Matter of J.B. YINC , 2015 MT 342 ( 2015 )


Menu:
  •                                                                                  December 15 2015
    DA 15-0255
    Case Number: DA 15-0255
    IN THE SUPREME COURT OF THE STATE OF MONTANA
    
    2015 MT 342
    IN THE MATTER OF:
    J.B.,
    A Youth in Need of Care.
    APPEAL FROM:      District Court of the Seventh Judicial District,
    In and For the County of Richland, Cause No. DN 15-121
    Honorable Katherine M. Bidegaray, Presiding Judge
    COUNSEL OF RECORD:
    For Appellant:
    Elizabeth Thomas, Attorney at Law, Hebron, Ohio
    For Appellee:
    Timothy C. Fox, Montana Attorney General, Katie F. Schulz, Assistant
    Attorney General, Helena, Montana
    Anne Sheehy Yegen, Department of Justice Child Protection Unit,
    Forsyth, Montana
    Submitted on Briefs: November 12, 2015
    Decided: December 15, 2015
    Filed:
    __________________________________________
    Clerk
    Justice Laurie McKinnon delivered the Opinion of the Court.

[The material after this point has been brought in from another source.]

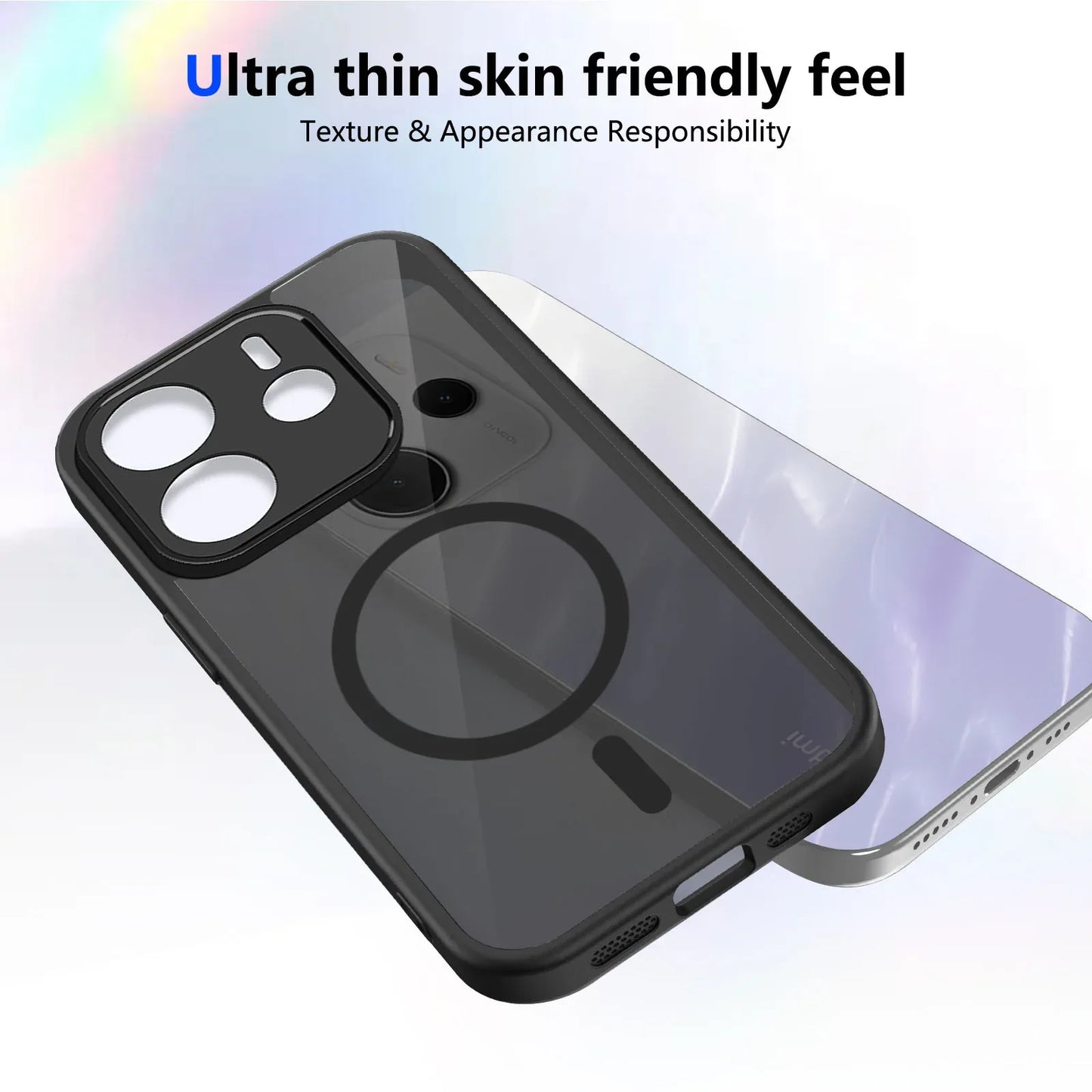 Case for Xiaomi Redmi Note 14 13 4G 5G Matte Transparent Magsafe Magnetic Shockproof Coque for Redmi Note 13 Pro Plus 5G 4G Case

    ¶1     N.L. appeals the order of the Seventh Judicial District Court, Richland County,
    dismissing him as a party in the child abuse and neglect proceeding concerning his long-
    time girlfriend’s son, J.B., and denying his request to appear at subsequent proceedings as
    a “person interested in [the] cause.” We affirm in part and reverse in part.
    ¶2     N.L. presents the following issues for review:
    1. Did the District Court err when it dismissed N.L. as a party?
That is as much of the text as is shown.